• PROBLEM REQUIREMENTS:
Look below for the line containing "Buy 20 Golden" and the line containing "Joseph Joseph CupboardStore", then set down both and every line between them exactly, without pictures.

------ DATASET CONTENT ------

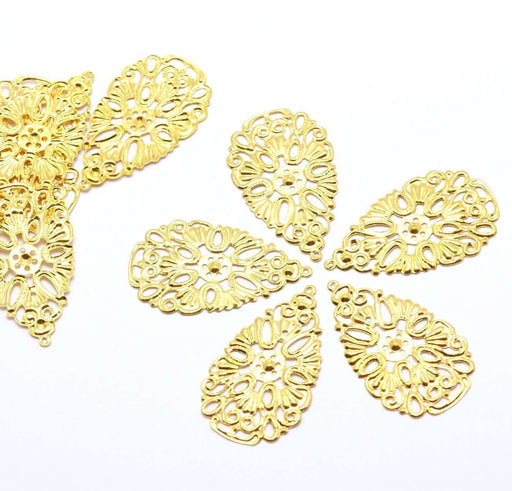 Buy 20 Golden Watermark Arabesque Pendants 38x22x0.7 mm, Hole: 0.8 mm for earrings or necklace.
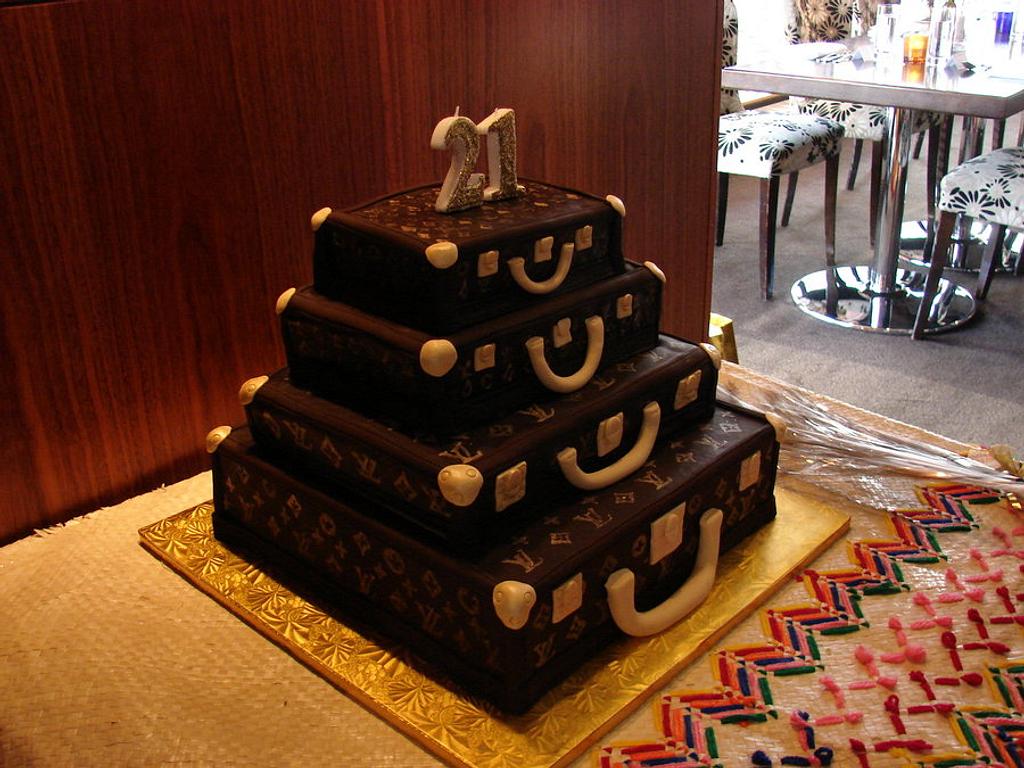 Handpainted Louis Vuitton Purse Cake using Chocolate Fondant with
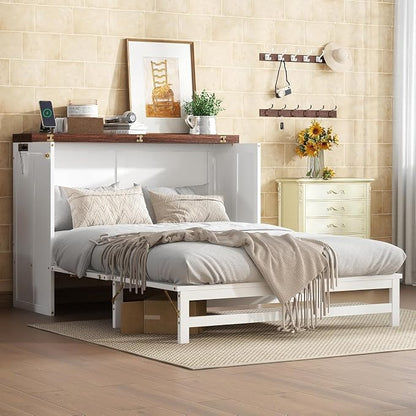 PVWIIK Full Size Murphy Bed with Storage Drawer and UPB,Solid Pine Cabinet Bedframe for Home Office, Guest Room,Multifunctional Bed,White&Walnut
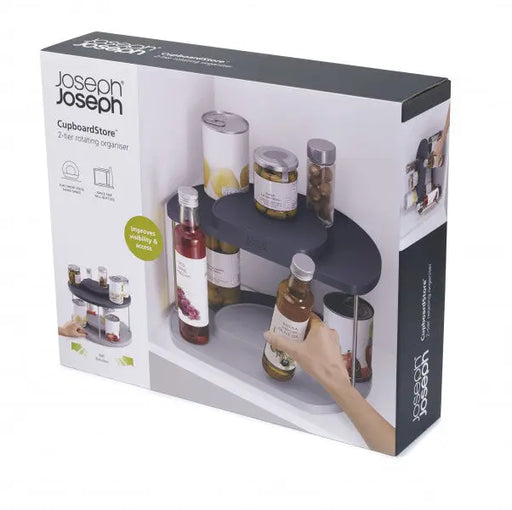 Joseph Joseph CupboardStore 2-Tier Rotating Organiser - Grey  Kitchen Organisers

------
------ DATASET CONTENT ------

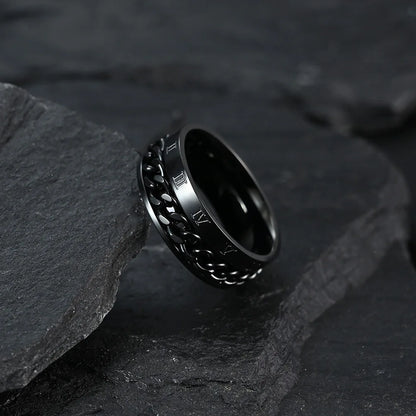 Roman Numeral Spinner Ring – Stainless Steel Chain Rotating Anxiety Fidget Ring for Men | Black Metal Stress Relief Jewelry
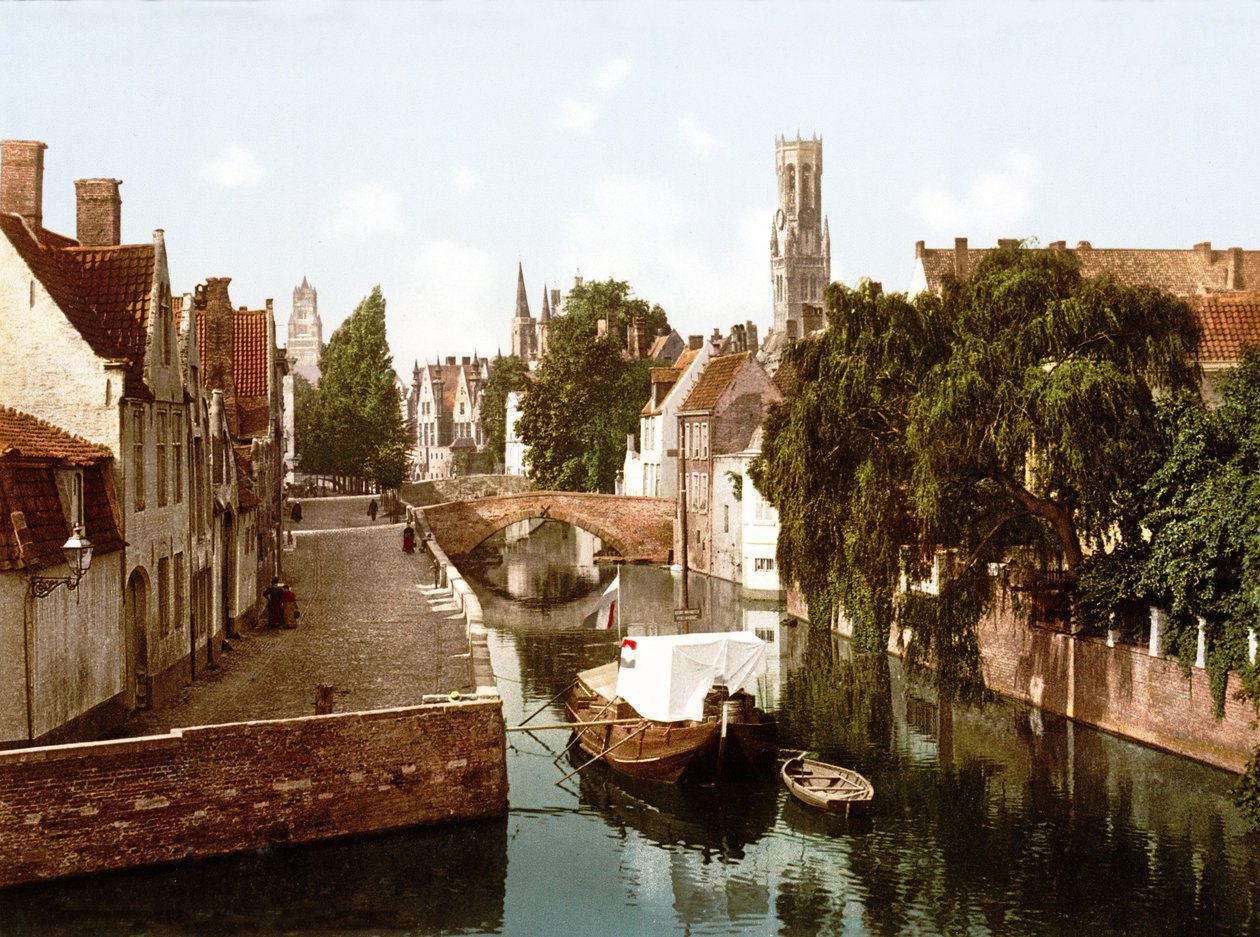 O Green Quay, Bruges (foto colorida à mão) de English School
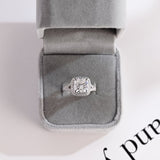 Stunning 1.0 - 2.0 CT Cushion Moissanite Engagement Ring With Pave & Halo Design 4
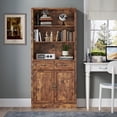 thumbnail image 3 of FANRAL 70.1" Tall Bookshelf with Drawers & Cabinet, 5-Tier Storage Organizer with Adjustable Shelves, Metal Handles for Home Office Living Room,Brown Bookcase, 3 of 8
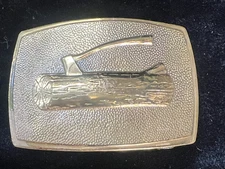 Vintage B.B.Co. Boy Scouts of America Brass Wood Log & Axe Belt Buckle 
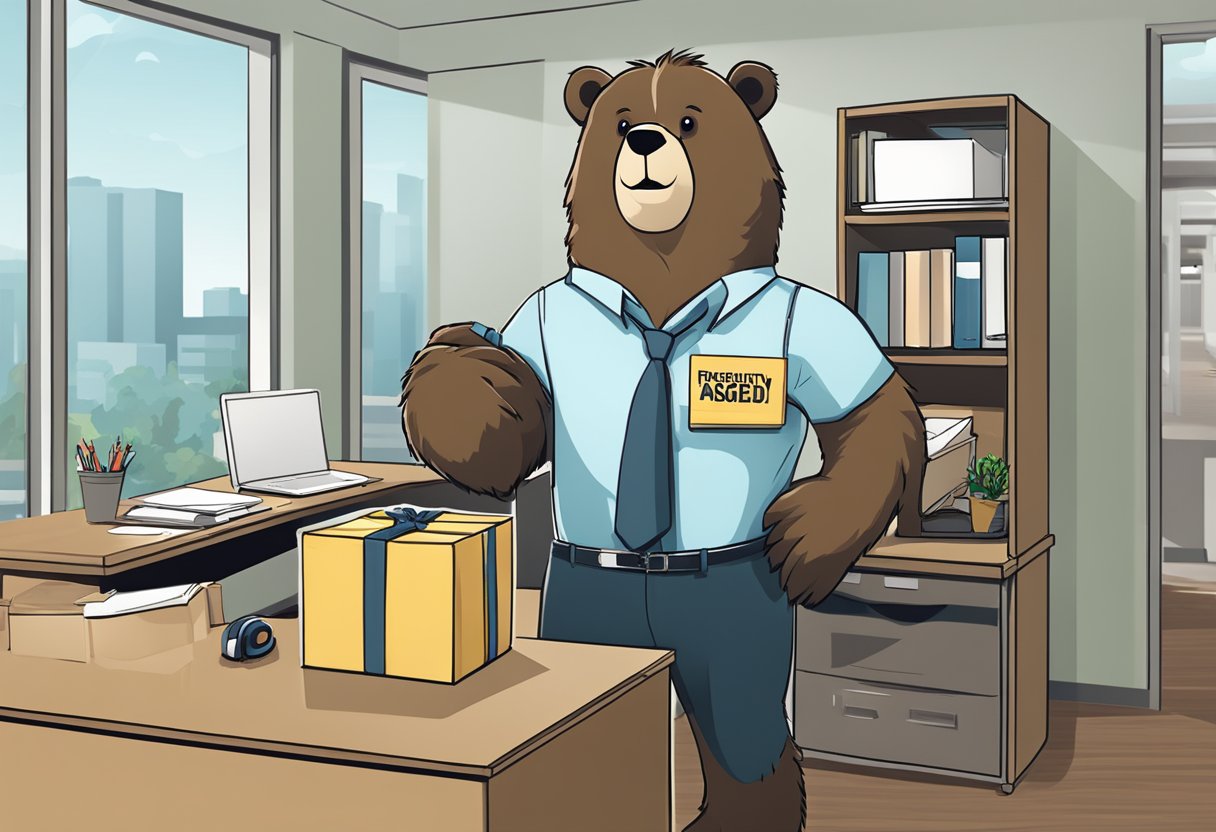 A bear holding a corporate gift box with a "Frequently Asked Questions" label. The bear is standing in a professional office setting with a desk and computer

------

• SOLUTION FOR THIS PROBLEM:
 Buy 20 Golden Watermark Arabesque Pendants 38x22x0.7 mm, Hole: 0.8 mm for earrings or necklace.
 Handpainted Louis Vuitton Purse Cake using Chocolate Fondant with
 PVWIIK Full Size Murphy Bed with Storage Drawer and UPB,Solid Pine Cabinet Bedframe for Home Office, Guest Room,Multifunctional Bed,White&Walnut
 Joseph Joseph CupboardStore 2-Tier Rotating Organiser - Grey  Kitchen Organisers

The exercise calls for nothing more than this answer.